Captioned web image data:
- - - - - - -
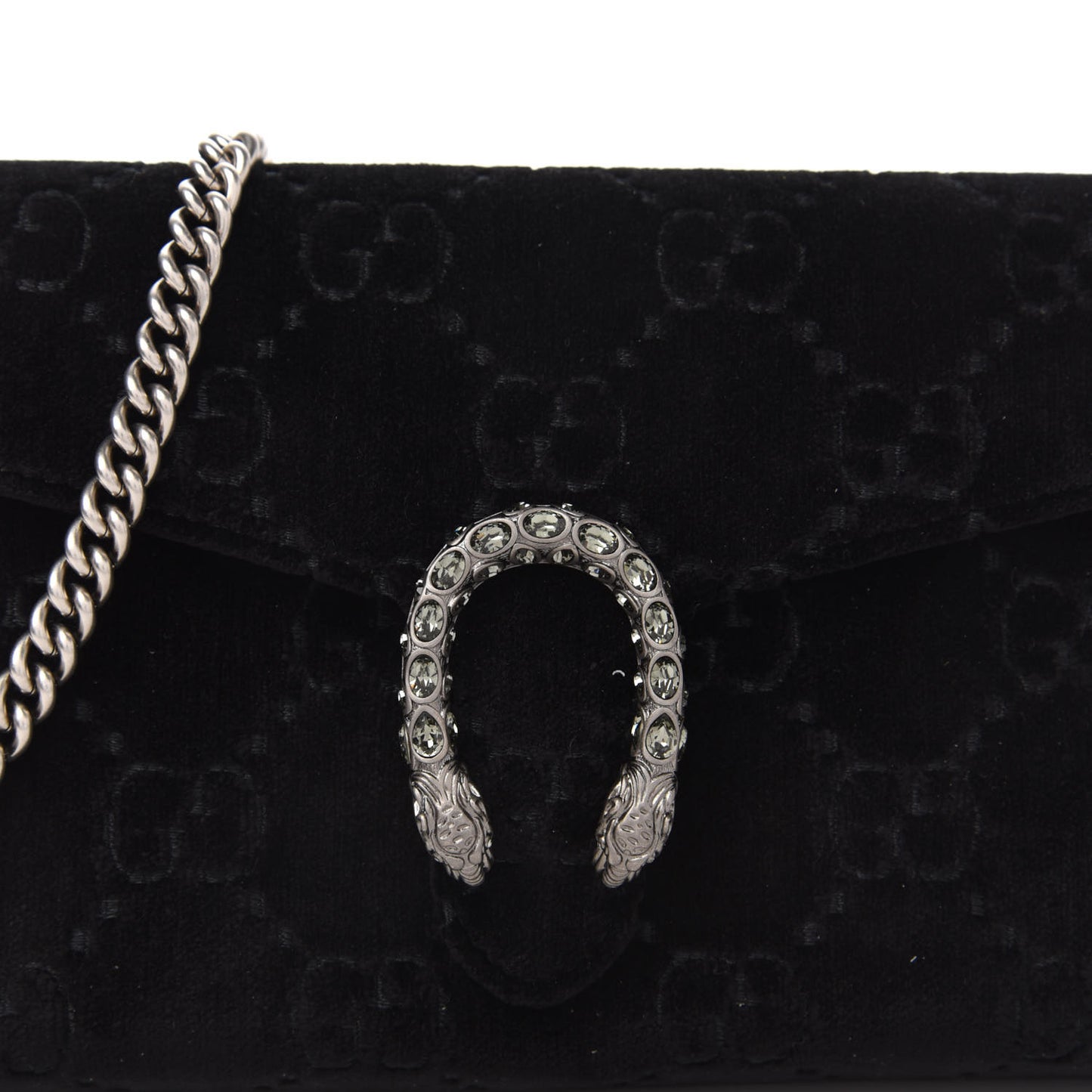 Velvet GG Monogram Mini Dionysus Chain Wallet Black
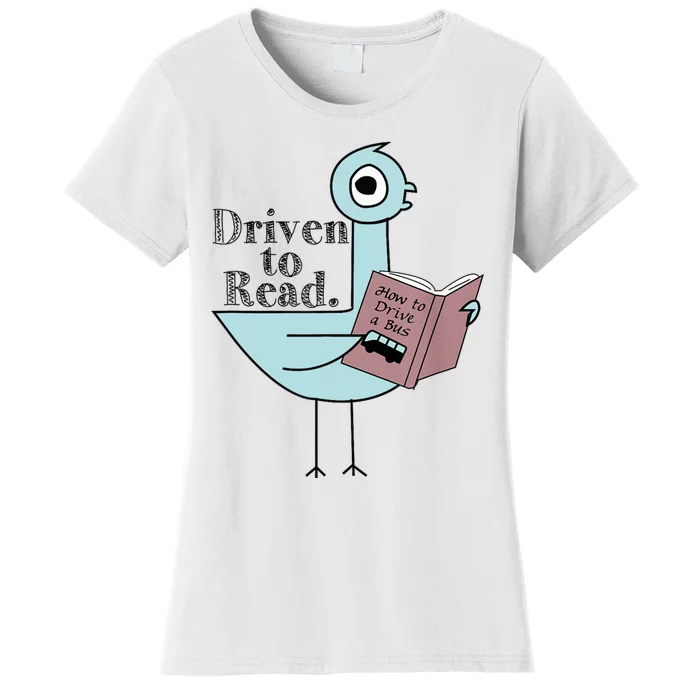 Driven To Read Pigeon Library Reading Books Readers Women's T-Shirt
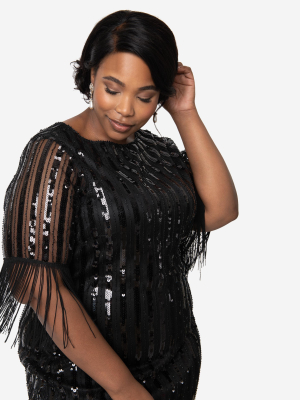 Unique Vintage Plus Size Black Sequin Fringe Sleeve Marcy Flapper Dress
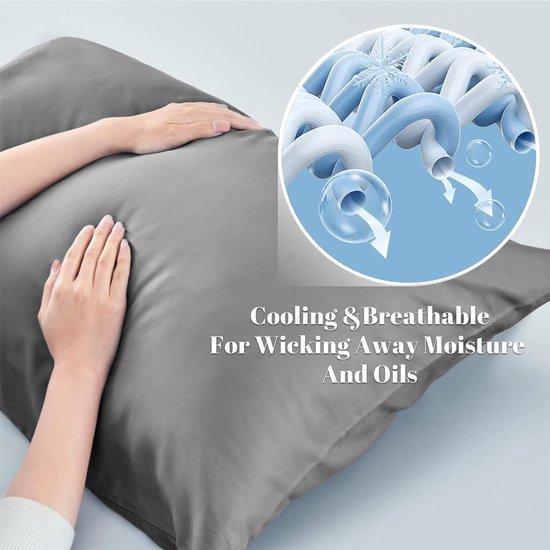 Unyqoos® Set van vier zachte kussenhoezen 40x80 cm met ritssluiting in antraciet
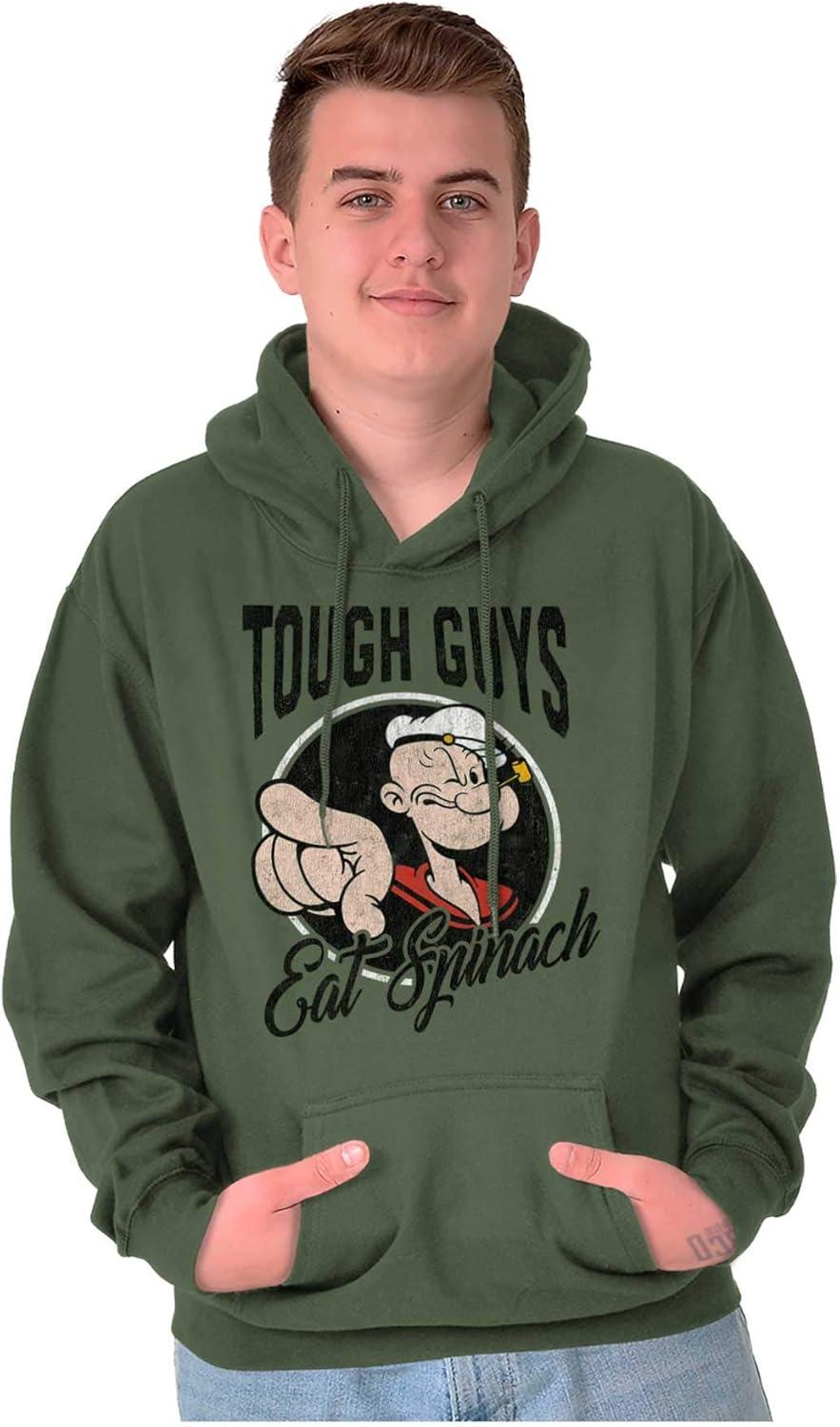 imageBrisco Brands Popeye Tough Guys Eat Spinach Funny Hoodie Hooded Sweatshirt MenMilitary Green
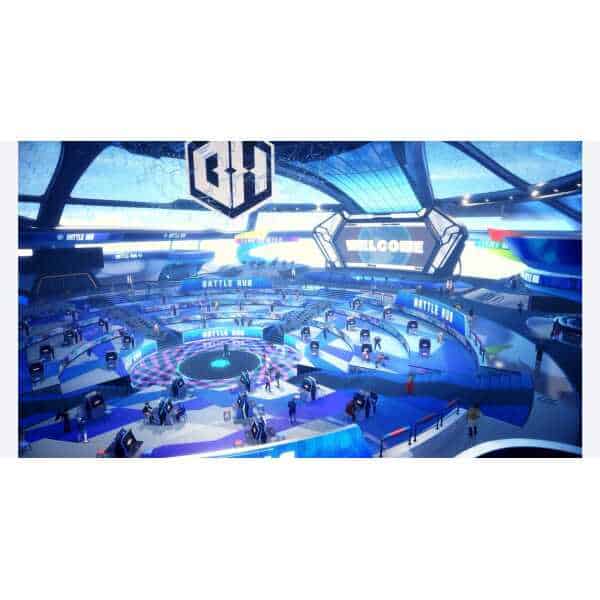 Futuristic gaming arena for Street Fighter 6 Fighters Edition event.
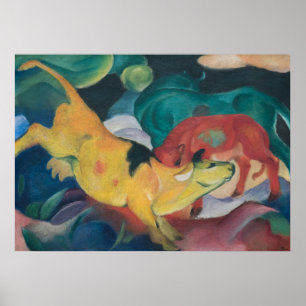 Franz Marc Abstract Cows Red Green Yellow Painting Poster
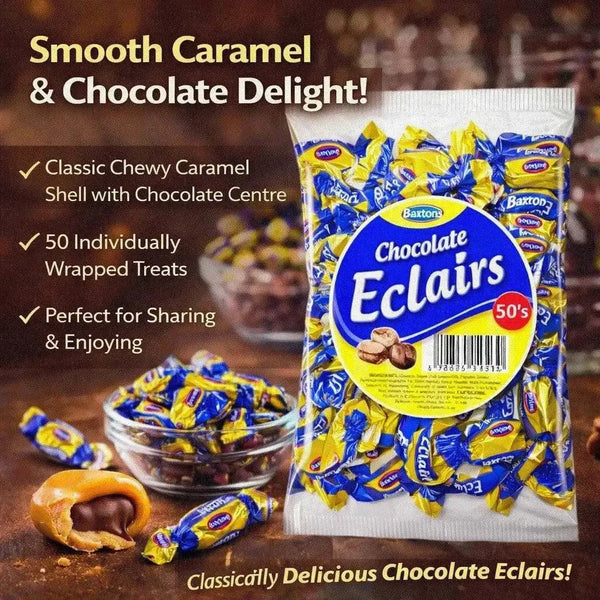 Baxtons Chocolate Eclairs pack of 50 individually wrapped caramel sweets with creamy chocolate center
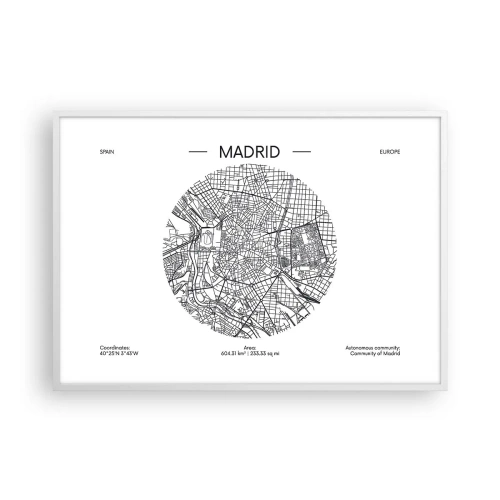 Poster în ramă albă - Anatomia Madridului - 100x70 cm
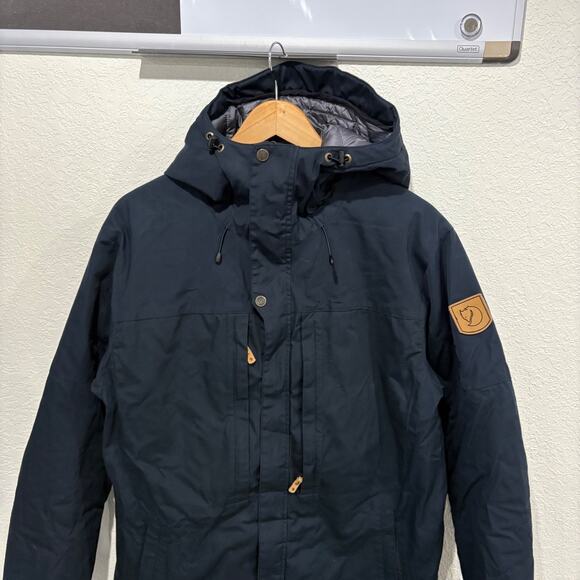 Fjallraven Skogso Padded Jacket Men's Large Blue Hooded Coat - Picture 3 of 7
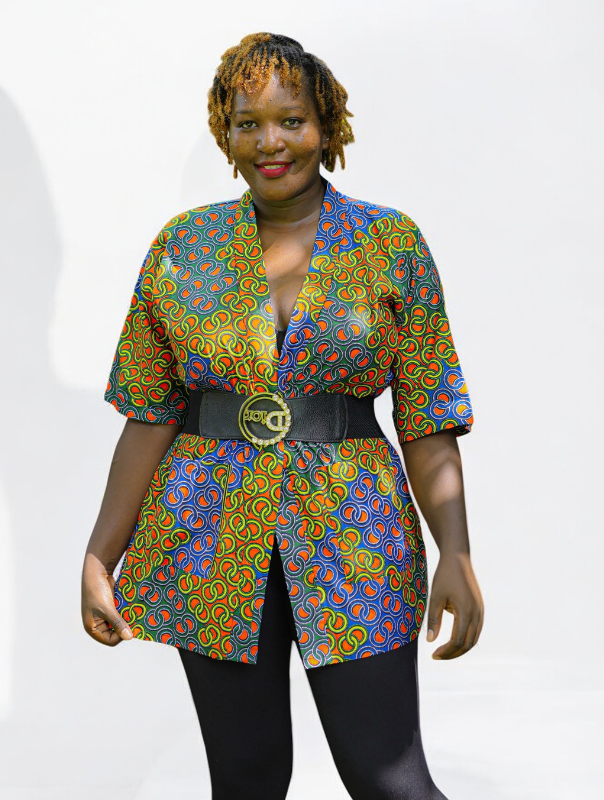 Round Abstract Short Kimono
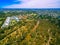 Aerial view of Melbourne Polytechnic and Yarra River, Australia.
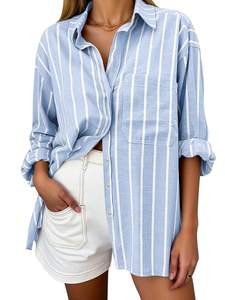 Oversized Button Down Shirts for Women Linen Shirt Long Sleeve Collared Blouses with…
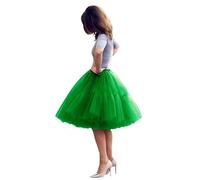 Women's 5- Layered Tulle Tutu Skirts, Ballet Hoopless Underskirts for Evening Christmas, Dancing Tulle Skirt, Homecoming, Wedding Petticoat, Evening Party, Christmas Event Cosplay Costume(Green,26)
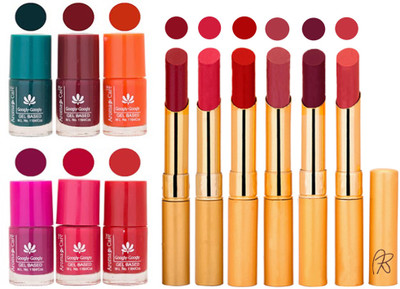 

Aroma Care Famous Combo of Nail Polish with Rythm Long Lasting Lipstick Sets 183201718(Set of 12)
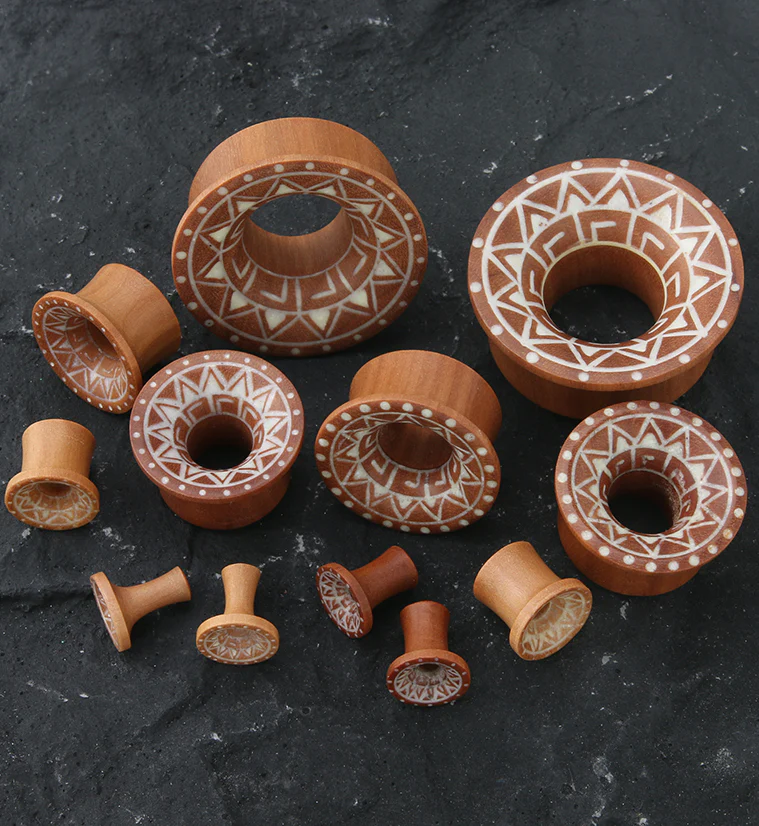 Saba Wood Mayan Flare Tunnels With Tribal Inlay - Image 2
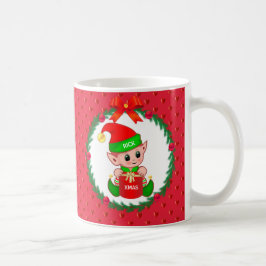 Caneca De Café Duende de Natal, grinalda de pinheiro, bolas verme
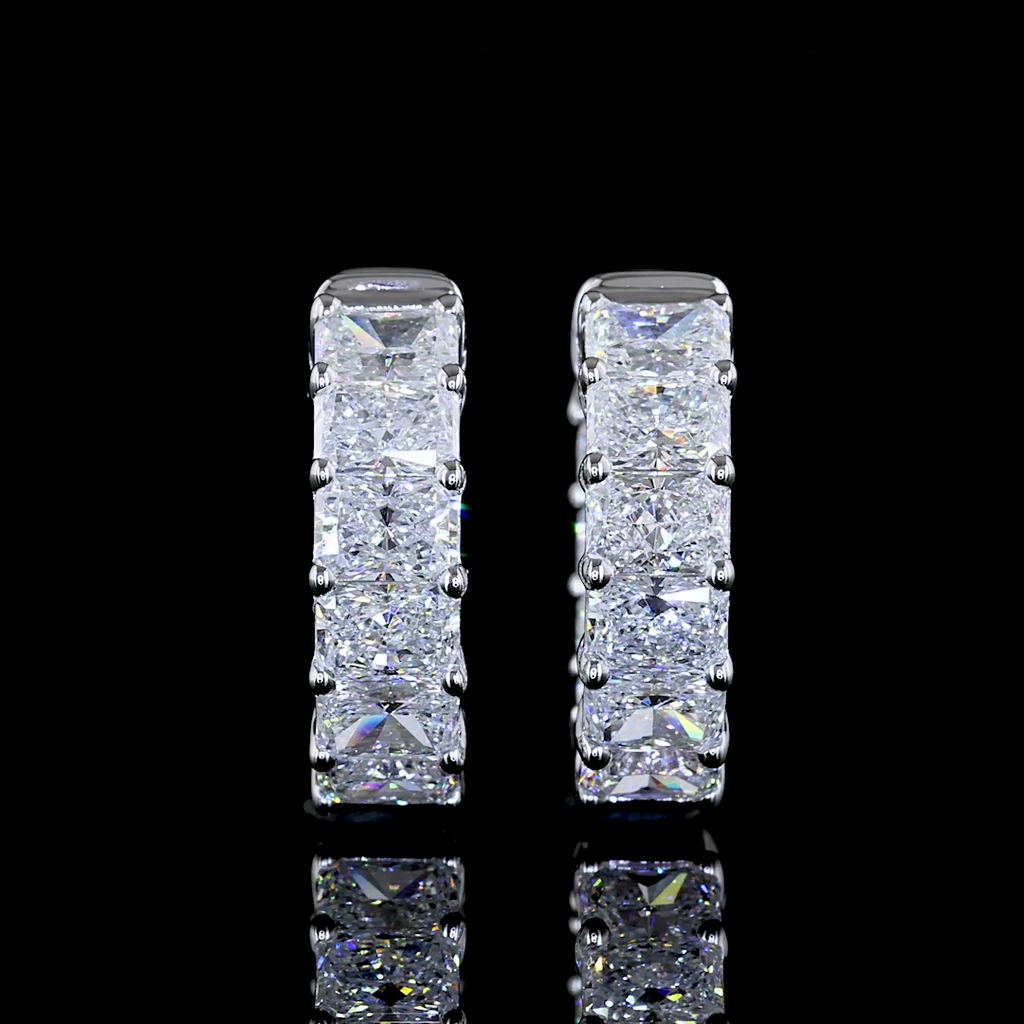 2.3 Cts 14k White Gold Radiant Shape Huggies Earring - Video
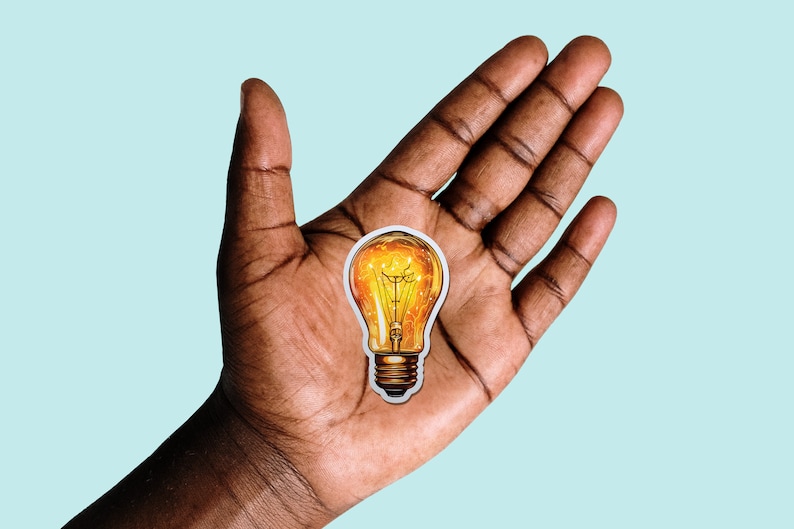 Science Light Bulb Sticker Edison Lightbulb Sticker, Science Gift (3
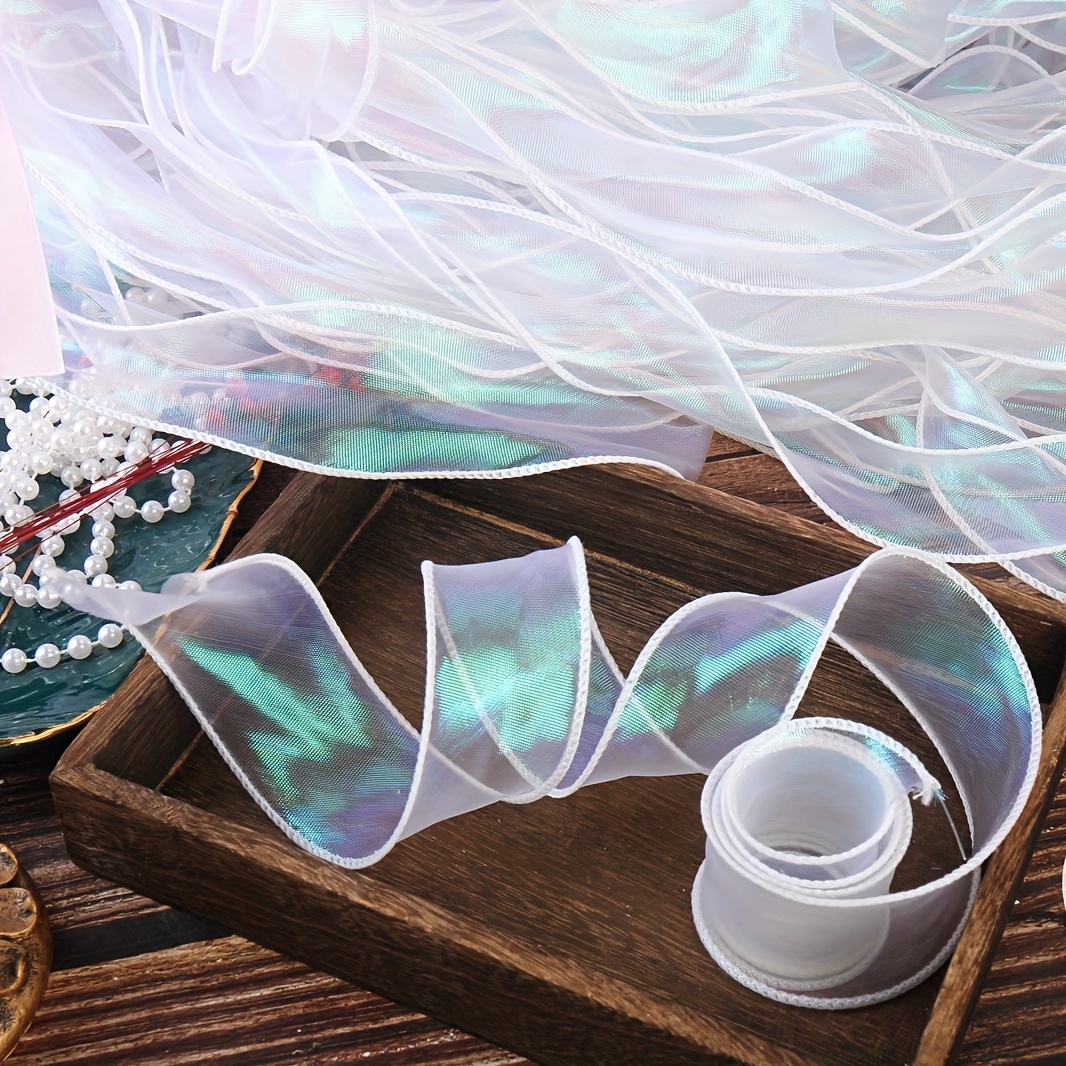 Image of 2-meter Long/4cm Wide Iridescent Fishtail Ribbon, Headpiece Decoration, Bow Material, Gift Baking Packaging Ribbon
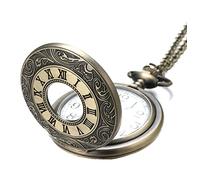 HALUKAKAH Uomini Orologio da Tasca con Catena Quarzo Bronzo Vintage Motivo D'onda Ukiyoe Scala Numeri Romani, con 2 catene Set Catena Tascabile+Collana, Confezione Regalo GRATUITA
- - - - - - -
■ **Aim of the exercise**
From the line containing "Science Light Bulb" down to the last line of the records above, repeat every line exactly and nothing else, dropping any pictures.

■ **Task result**
 Science Light Bulb Sticker Edison Lightbulb Sticker, Science Gift (3
 Image of 2-meter Long/4cm Wide Iridescent Fishtail Ribbon, Headpiece Decoration, Bow Material, Gift Baking Packaging Ribbon
 HALUKAKAH Uomini Orologio da Tasca con Catena Quarzo Bronzo Vintage Motivo D'onda Ukiyoe Scala Numeri Romani, con 2 catene Set Catena Tascabile+Collana, Confezione Regalo GRATUITA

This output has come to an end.